Exercise:
Exclude the pictures, then copy word for word the lines running from the beginning of the records through the line with "Mary Engelbreit Mug or Cup Ornament".

_ _ _

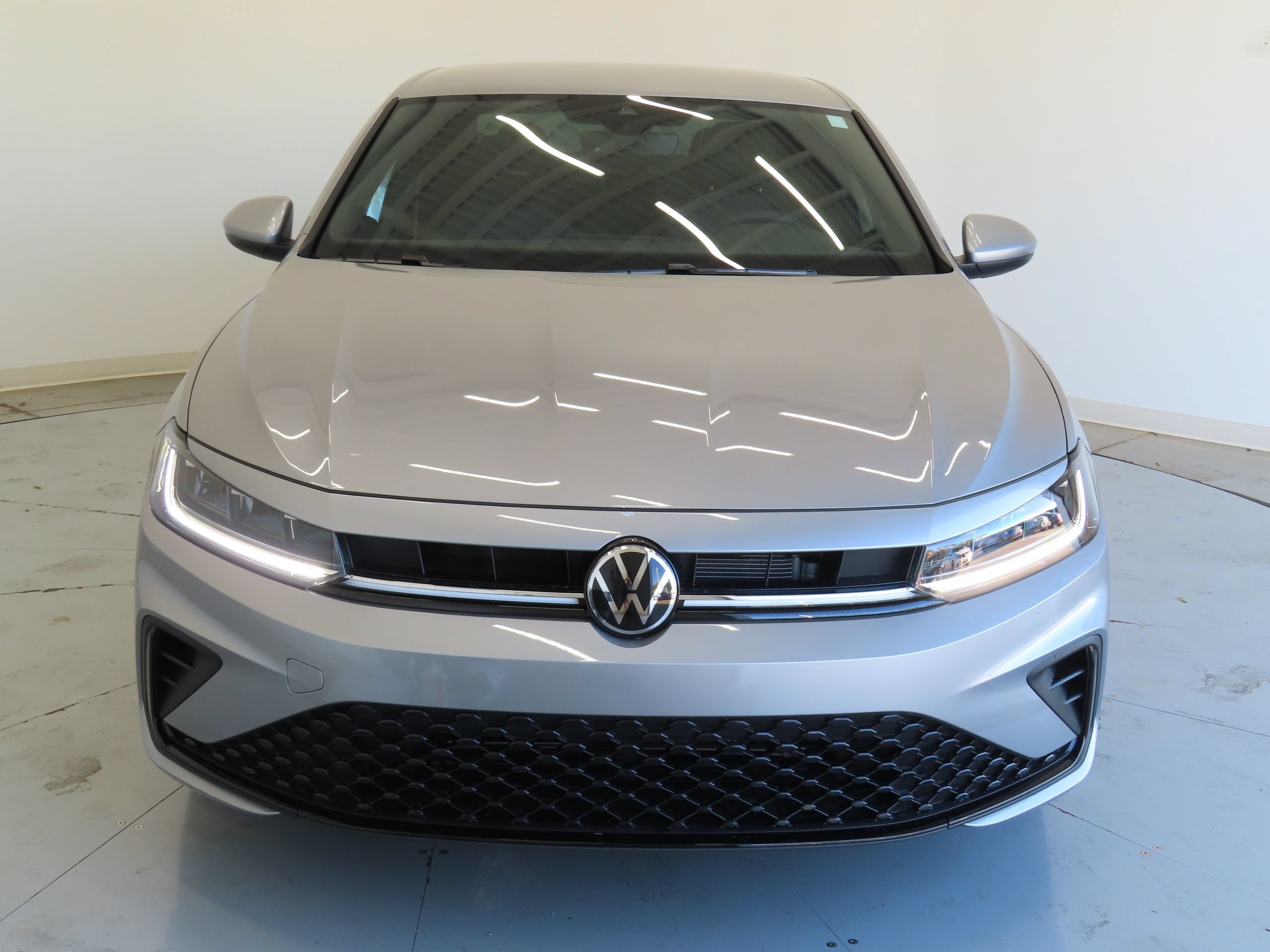 New 2026 Volkswagen Jetta Sport FWD image 9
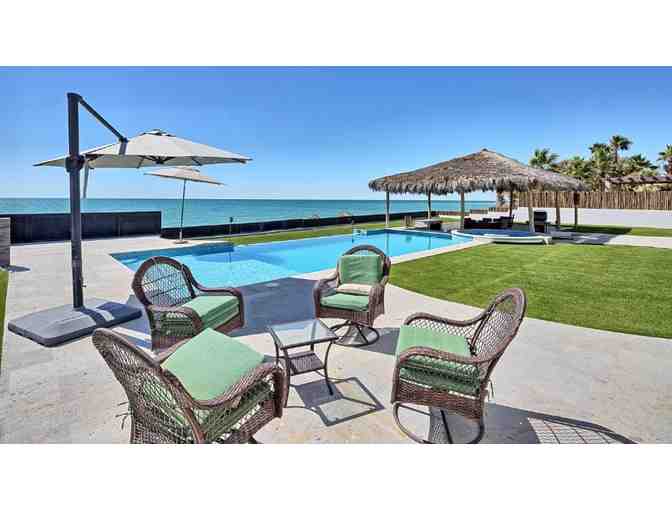 8 bed Oceanfront Vllla Puerto Penasco June 26th -June 30th - Photo 1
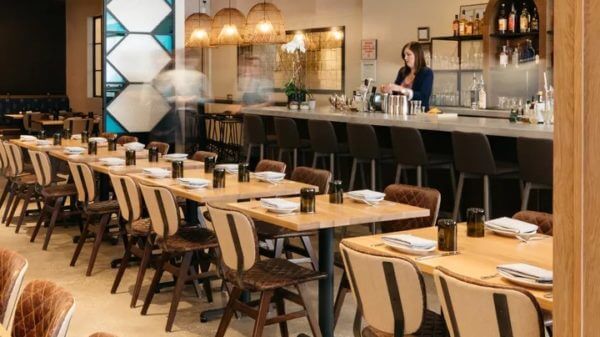 A Critic Explores Five Chicago Turkish Restaurants 3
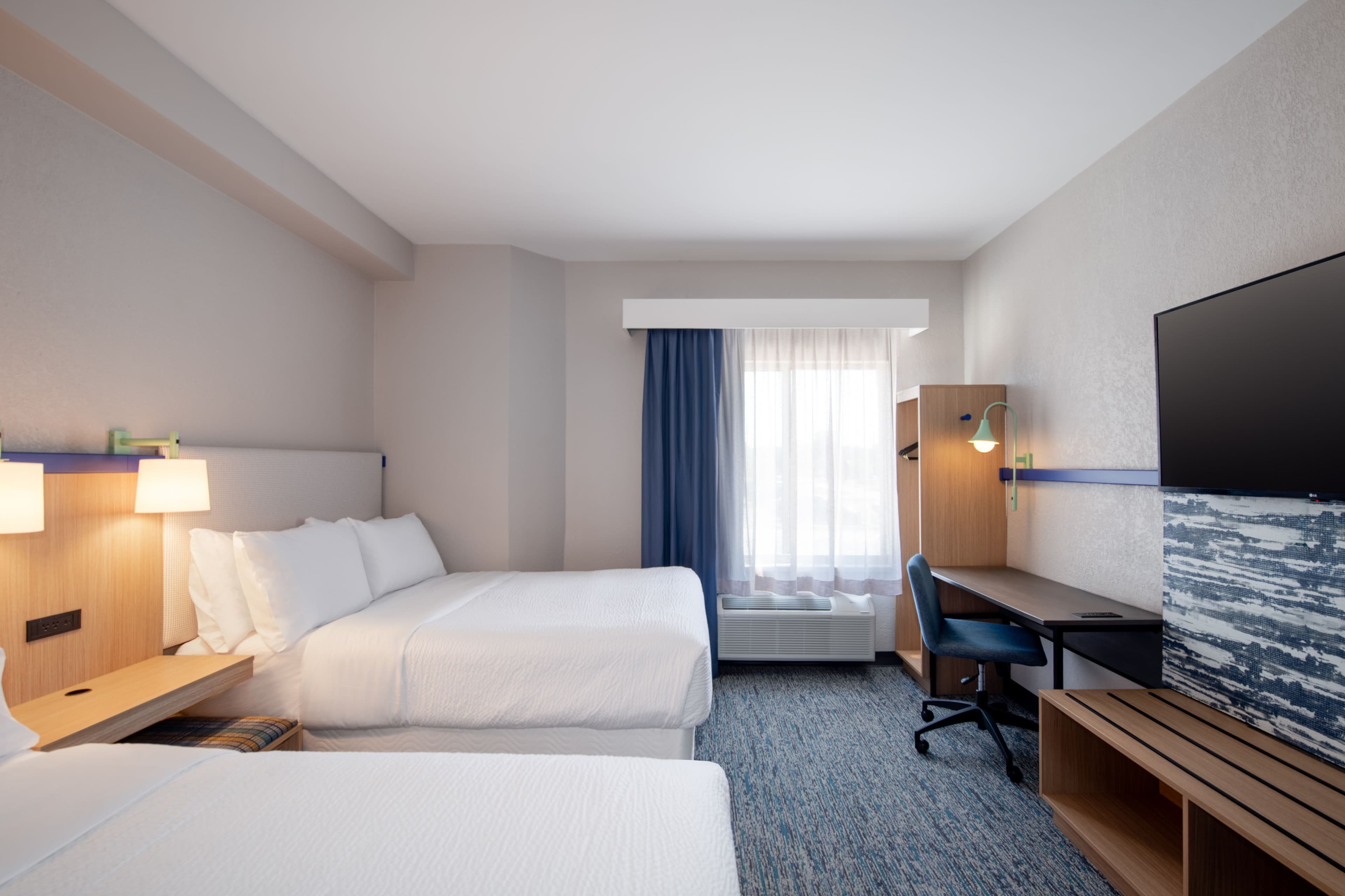 Independent (SPHC) Broad Street Inn — 9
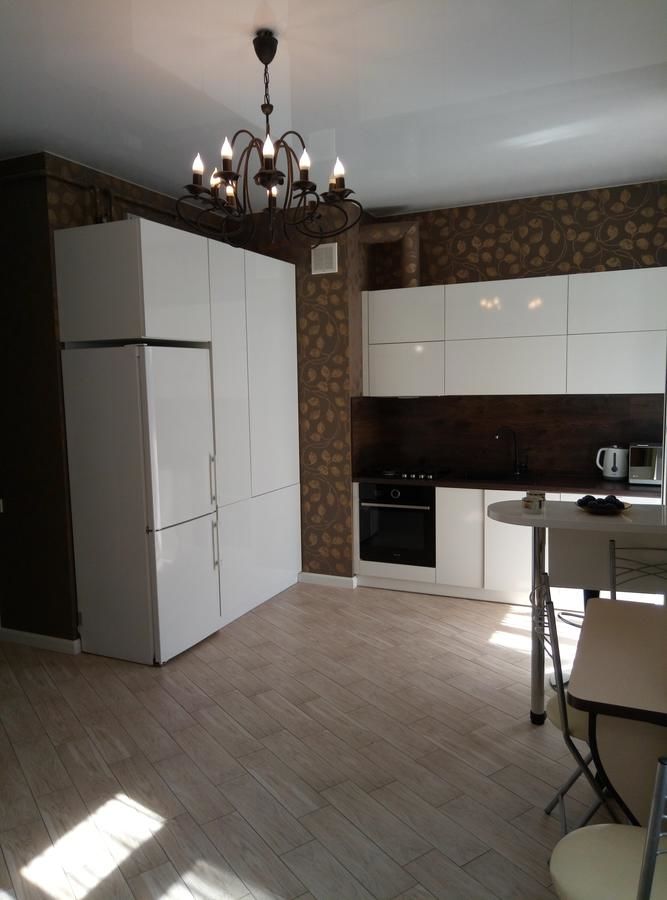 Апартаменты Apartments in Avtorskiy Фонтанка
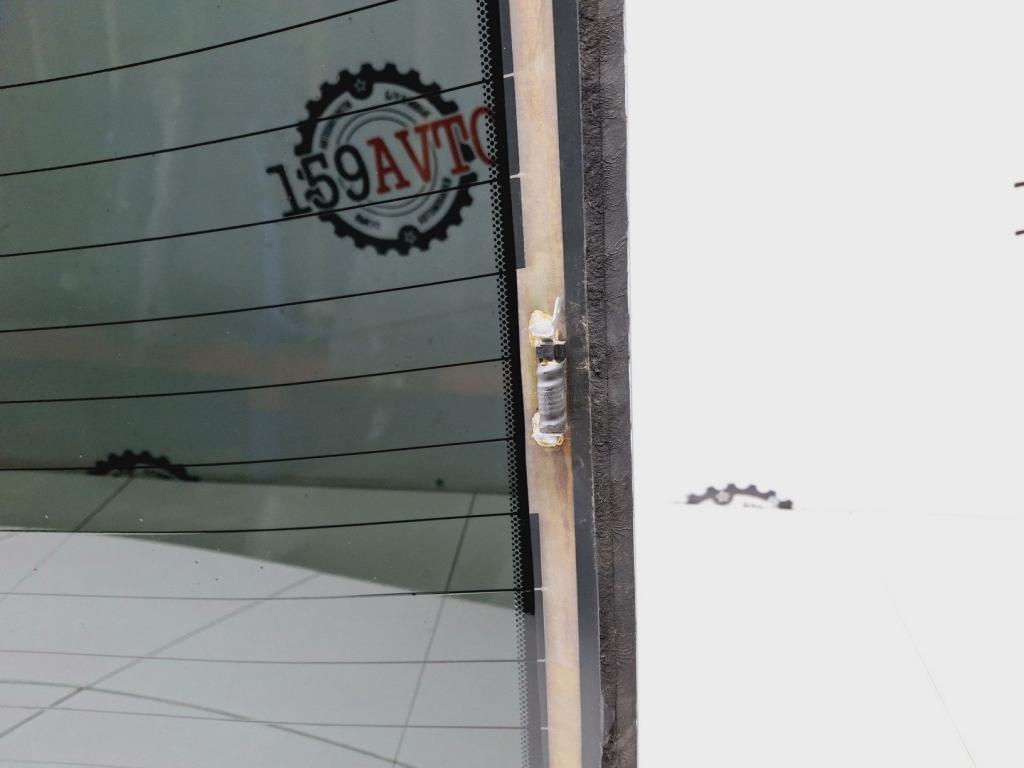 Стекло заднее, 5000 рублей, Пермь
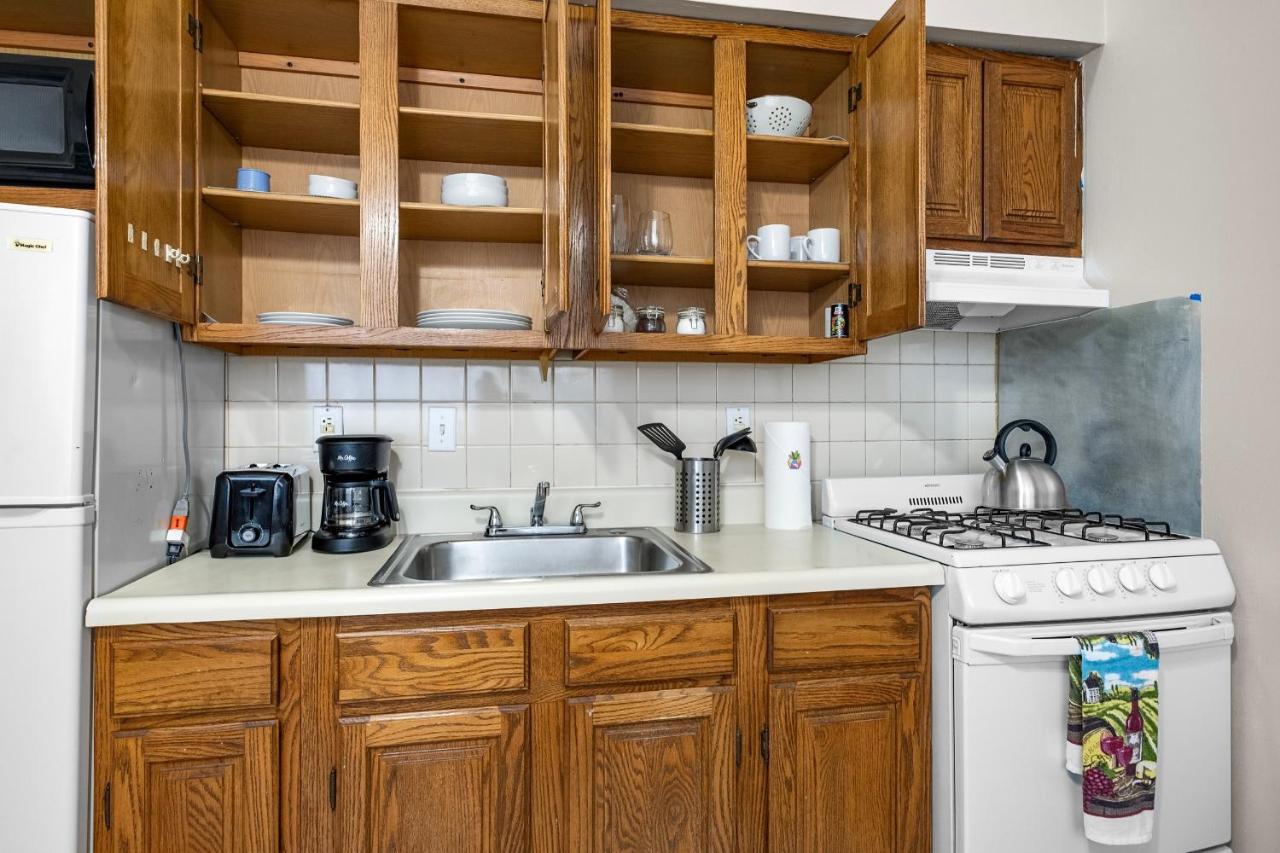 Apartamento Boutique 1Br W Unique Charm Filadelfia Exterior foto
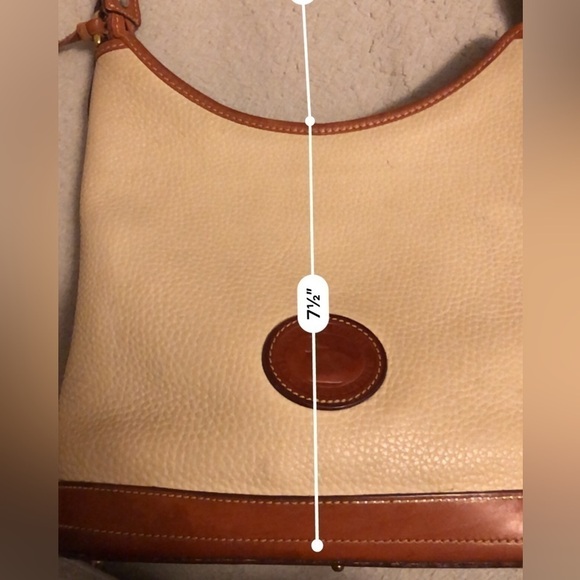 Dooney and Bourke bag - Picture 11 of 12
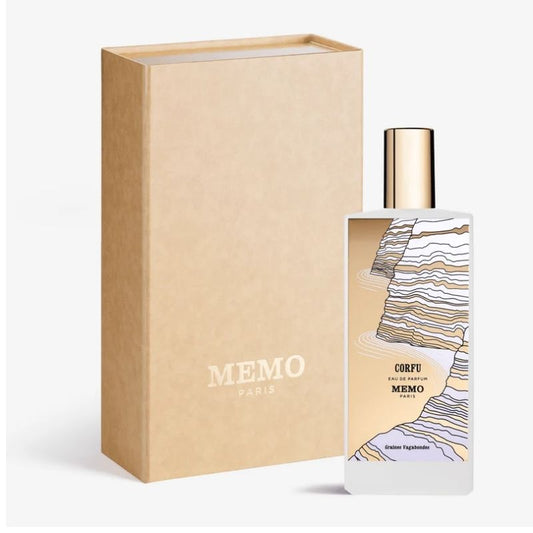 Corfu Edp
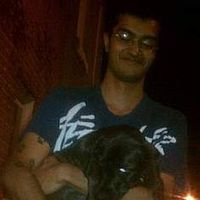 Ayush Sobti的照片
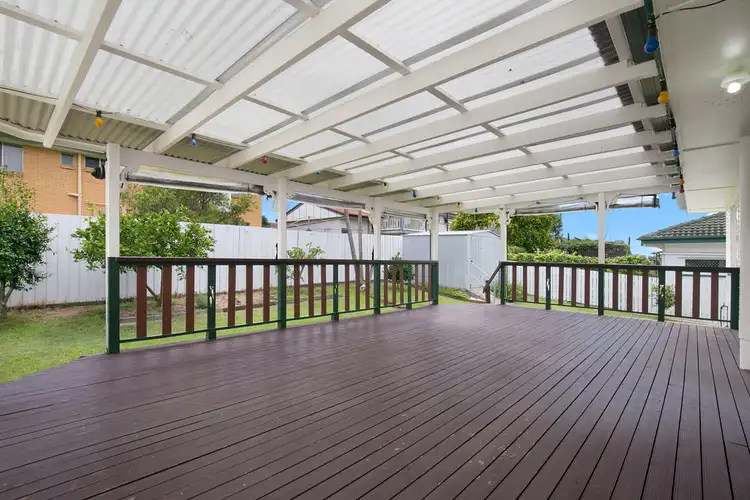 Seventh view of Homely house listing, 18 Mirang Street, Mansfield QLD 4122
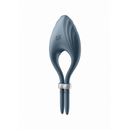 Duelist - Cockring Personnalisable - Bleu Sombre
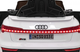 Електромобіль для дітей Ramiz Audi SQ8 White (5903864946635) - зображення 9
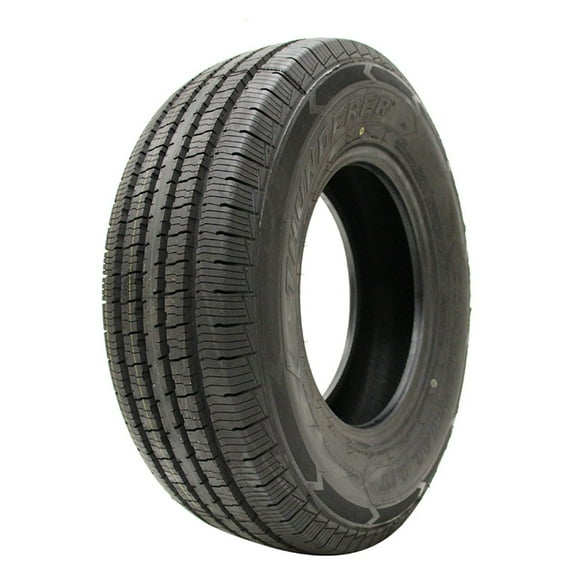 Thunderer CLT All Season LT245/75R16 120/116Q E Light Truck Tire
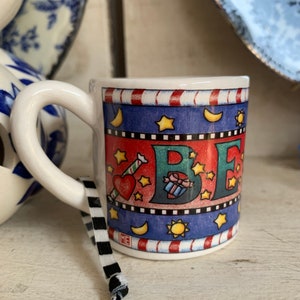 Mary Engelbreit Mug or Cup Ornament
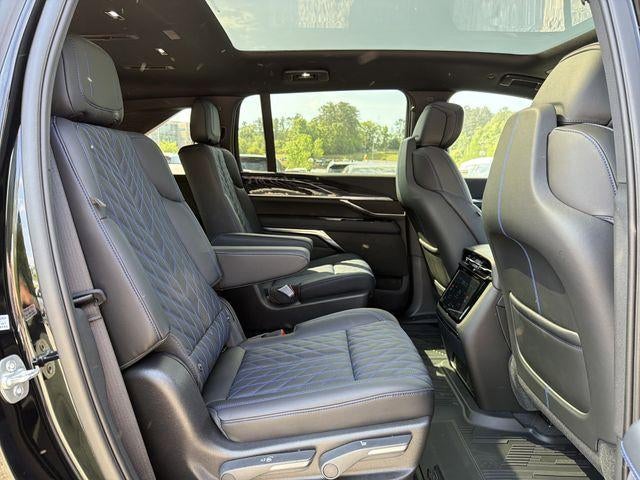 2026 Cadillac ESCALADE IQ Luxury
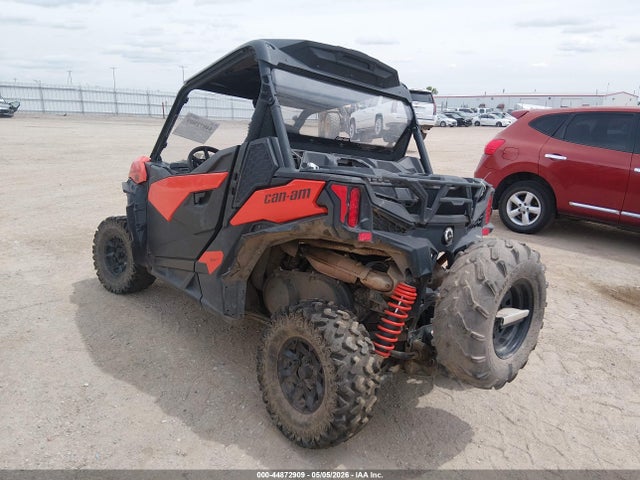 Продаж на аукціоні авто 2019 Can-am Maverick Trail 1000/1000 Dps, vin: 3JB1GAP43KK003004, номер лоту: 44872909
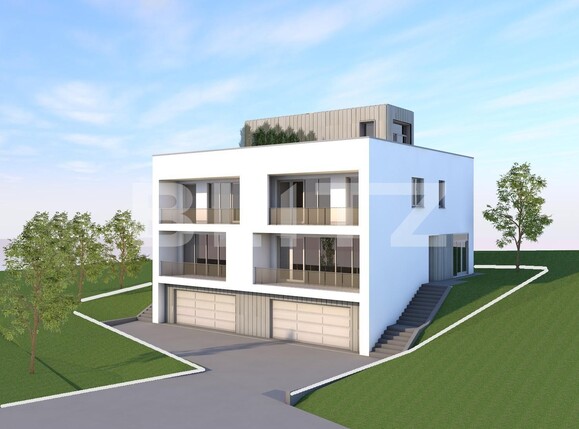 Casa de vânzare 4 camere Borhanci - 130370CV | BLITZ Cluj-Napoca | Poza1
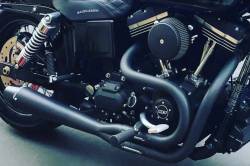 Sawicki Speed Shop - Sawicki Dyna 2 Into 1 Full Length Exhaust  - Image 5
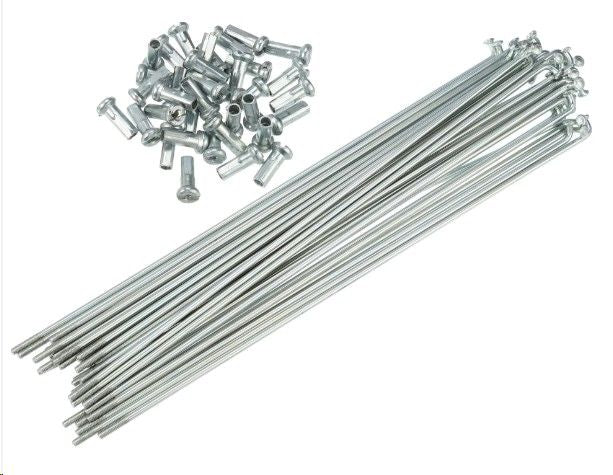 Bike Spokes 20 Inch 183Mm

_ _ _

Answer box:
 New 2026 Volkswagen Jetta Sport FWD image 9
 8 bed Oceanfront Vllla Puerto Penasco June 26th -June 30th - Photo 1
 A Critic Explores Five Chicago Turkish Restaurants 3
 Independent (SPHC) Broad Street Inn — 9
 Апартаменты Apartments in Avtorskiy Фонтанка
 Стекло заднее, 5000 рублей, Пермь
 Apartamento Boutique 1Br W Unique Charm Filadelfia Exterior foto
 Dooney and Bourke bag - Picture 11 of 12
 Corfu Edp
 Ayush Sobti的照片
 Seventh view of Homely house listing, 18 Mirang Street, Mansfield QLD 4122
 Duelist - Cockring Personnalisable - Bleu Sombre
 Електромобіль для дітей Ramiz Audi SQ8 White (5903864946635) - зображення 9
 Thunderer CLT All Season LT245/75R16 120/116Q E Light Truck Tire
 Mary Engelbreit Mug or Cup Ornament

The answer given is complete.